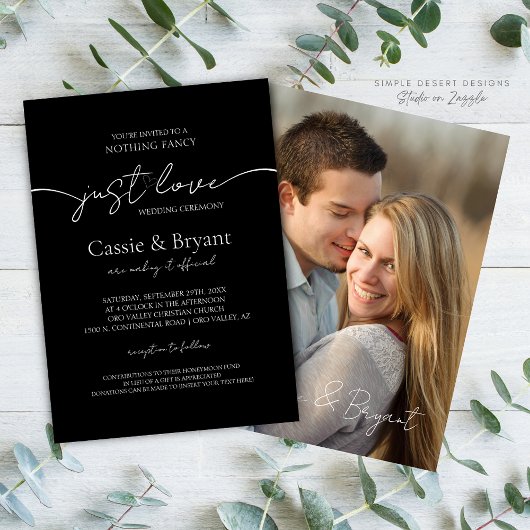 Elegant Zwart & Wit Moderne foto bruiloft Kaart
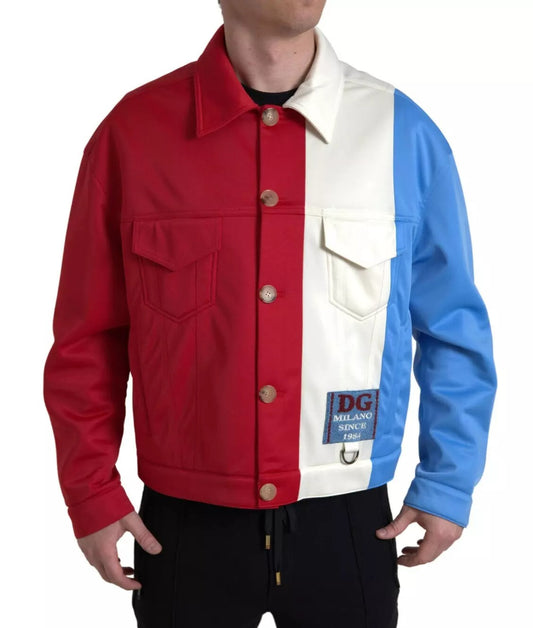 Chaqueta corta con cuello de poliéster multicolor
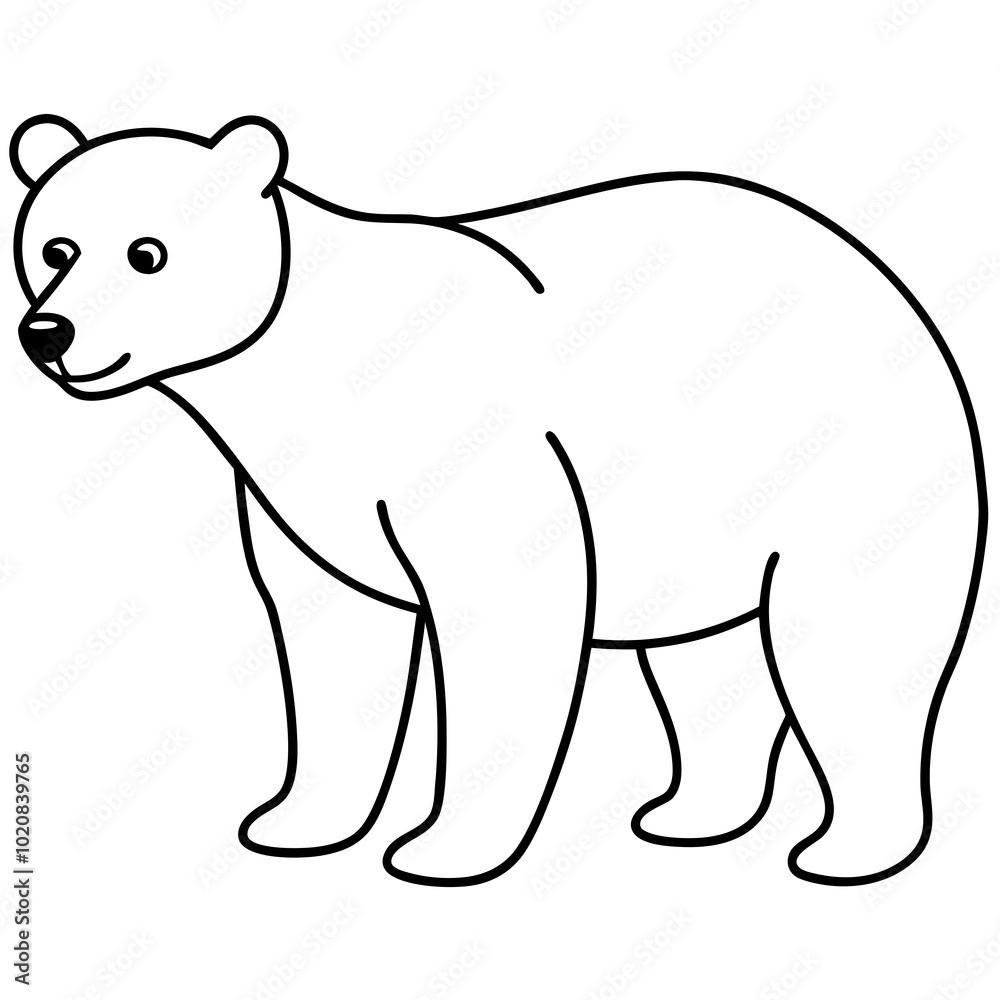 Fototapeta premium Bear line art vector illustration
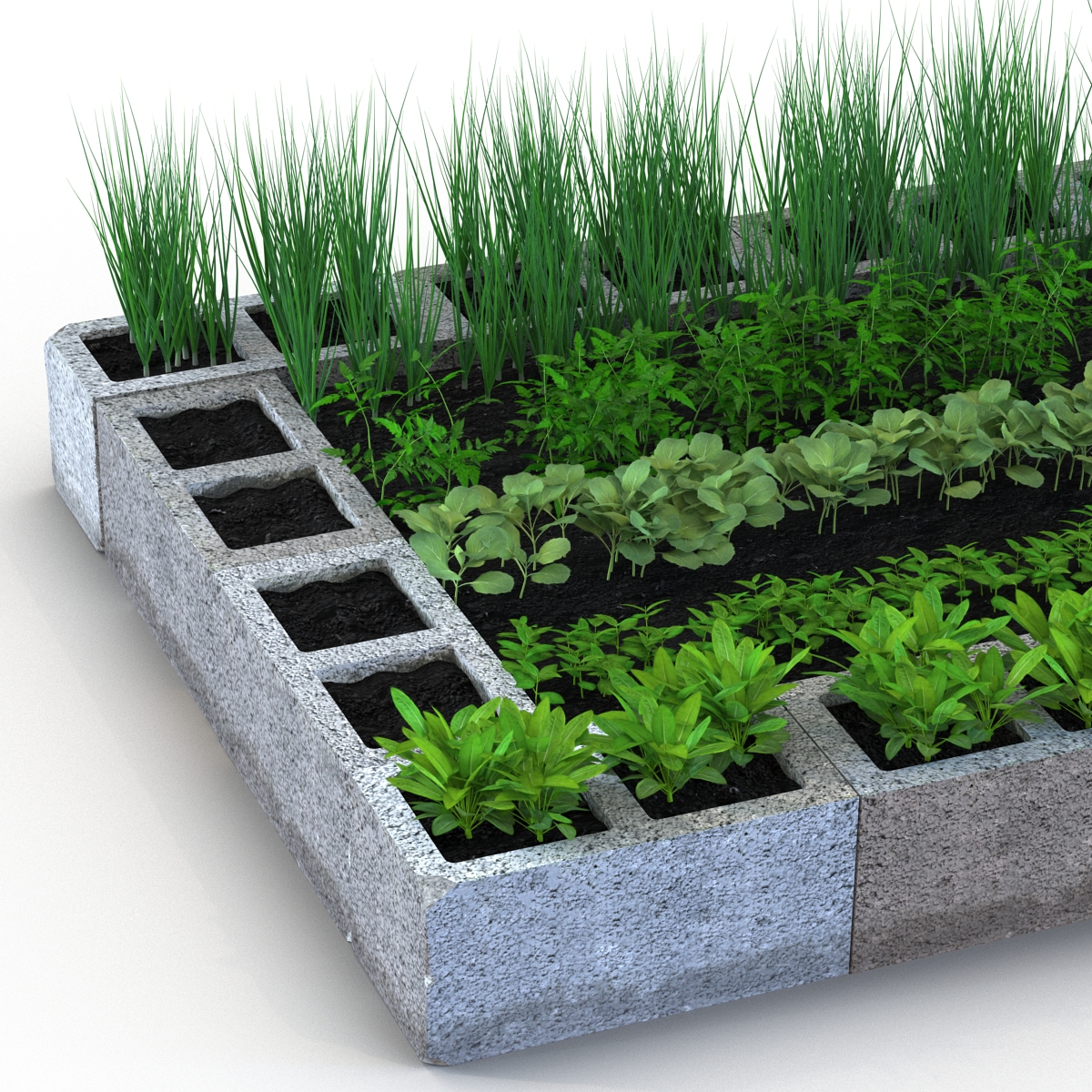 Cinder Block Garden 3D model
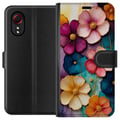 Miniatyrbillede 1 af 3: Kompatibel Tegnebogsetui til Samsung Galaxy Xcover 5 Blomster Farver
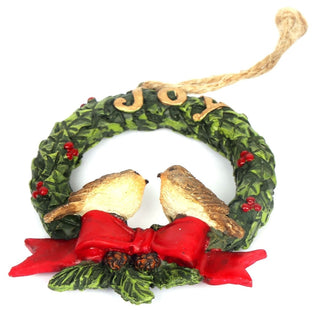 Hanging Robin Christmas Tree Decoration - Wreath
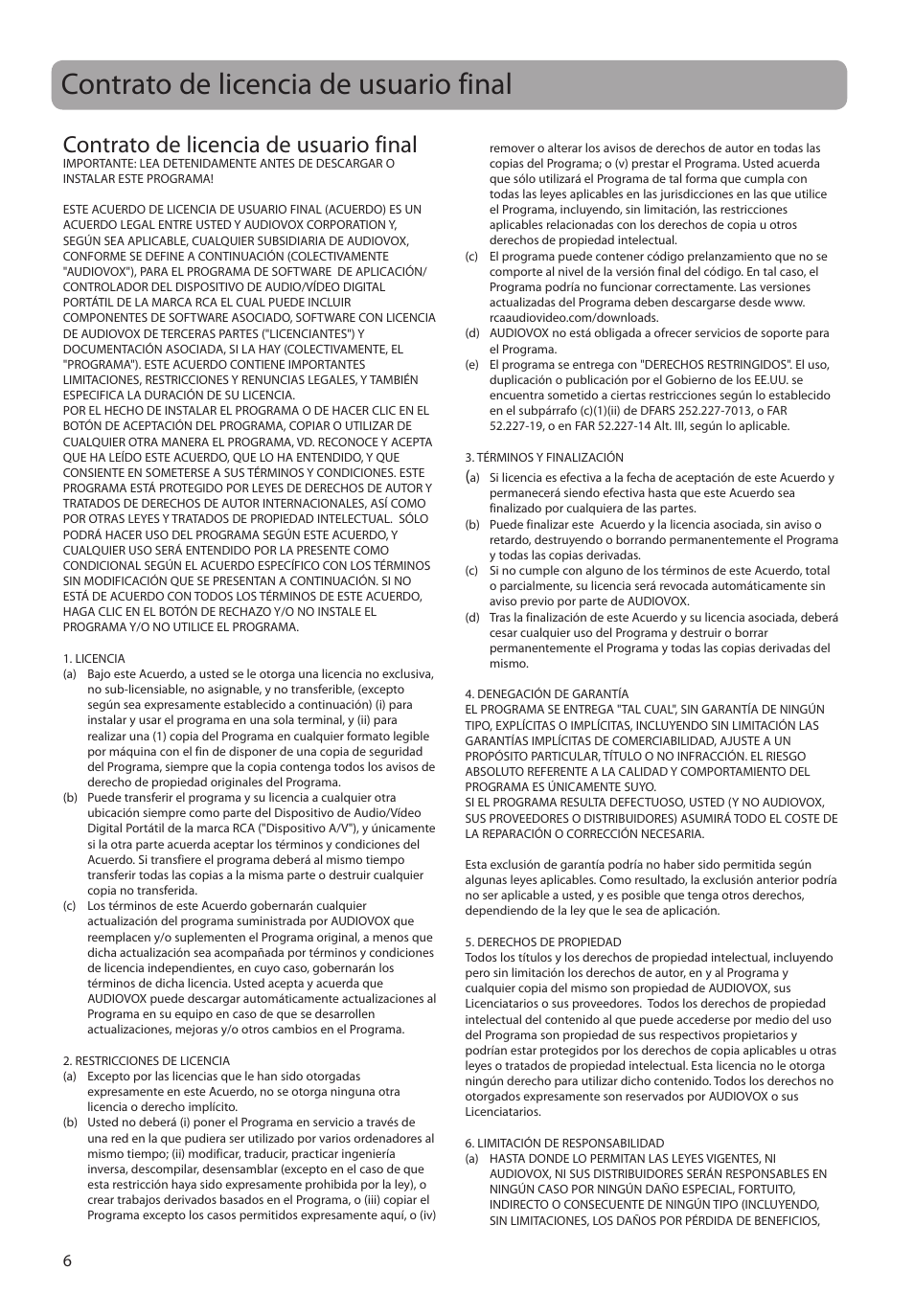 Contrato de licencia de usuario final | RCA MC4202 User Manual | Page 35 / 88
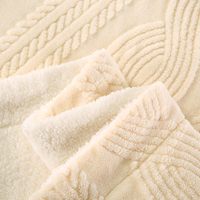 Plaid personnalisé beige uni en polaire sherpa vintage, doux, moelleux et chaud, 100 % polyester, écologique, pour toutes les saisons, idéal pour la maison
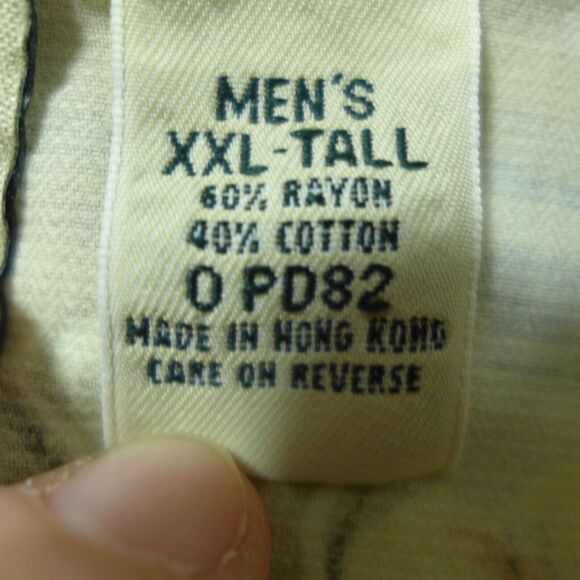 LL Bean All Over Print Hawaiian Shirt Men's Size XXL Tall Rayon Blend 0PD82 - Picture 6 of 8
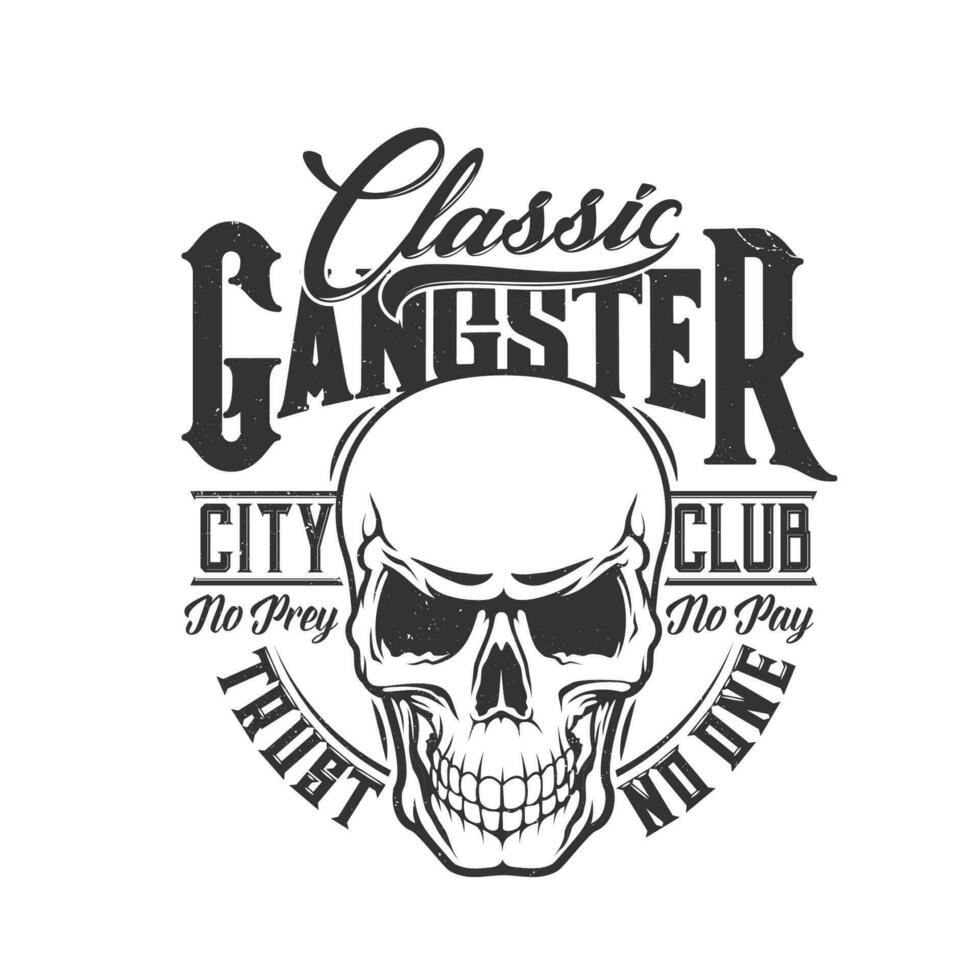 camiseta estampada calavera vector mascota para club de la ciudad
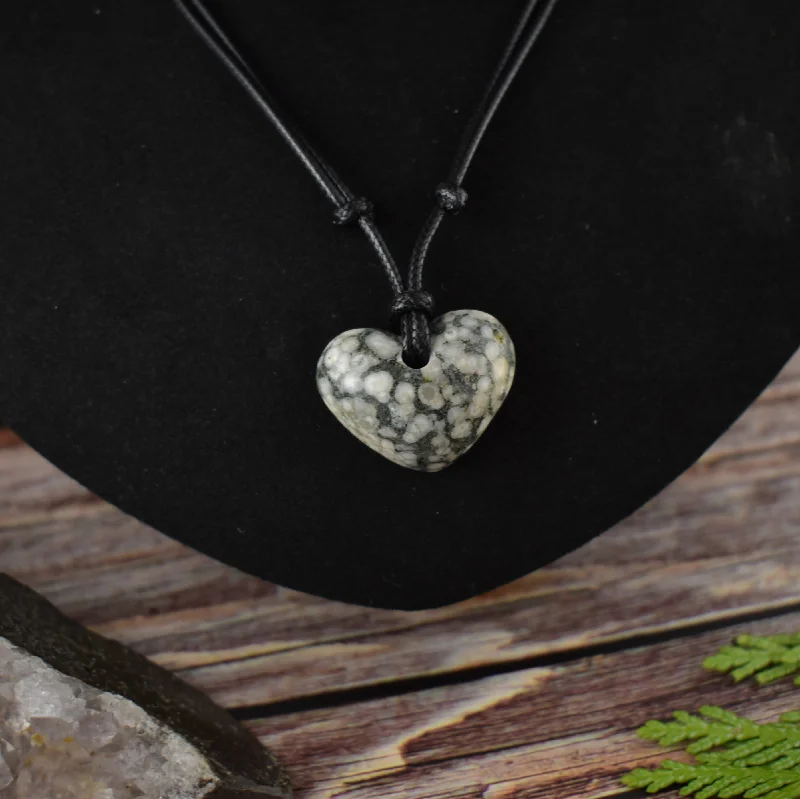 women inspirational necklaces -Crinoid Fossil Heart Focal Pendant Necklace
═══
#### EXERCISE
Reproduce the records verbatim, omitting all images they contain.

#### REPLY TO THE TASK
 Elegant Zwart & Wit Moderne foto bruiloft Kaart
 Chaqueta corta con cuello de poliéster multicolor
 Fototapeta premium Bear line art vector illustration
 Cinder Block Garden 3D model
 Miniatyrbillede 1 af 3: Kompatibel Tegnebogsetui til Samsung Galaxy Xcover 5 Blomster Farver
 Hanging Robin Christmas Tree Decoration - Wreath
 Contrato de licencia de usuario final | RCA MC4202 User Manual | Page 35 / 88
 Plaid personnalisé beige uni en polaire sherpa vintage, doux, moelleux et chaud, 100 % polyester, écologique, pour toutes les saisons, idéal pour la maison
 LL Bean All Over Print Hawaiian Shirt Men's Size XXL Tall Rayon Blend 0PD82 - Picture 6 of 8
 camiseta estampada calavera vector mascota para club de la ciudad
 women inspirational necklaces -Crinoid Fossil Heart Focal Pendant Necklace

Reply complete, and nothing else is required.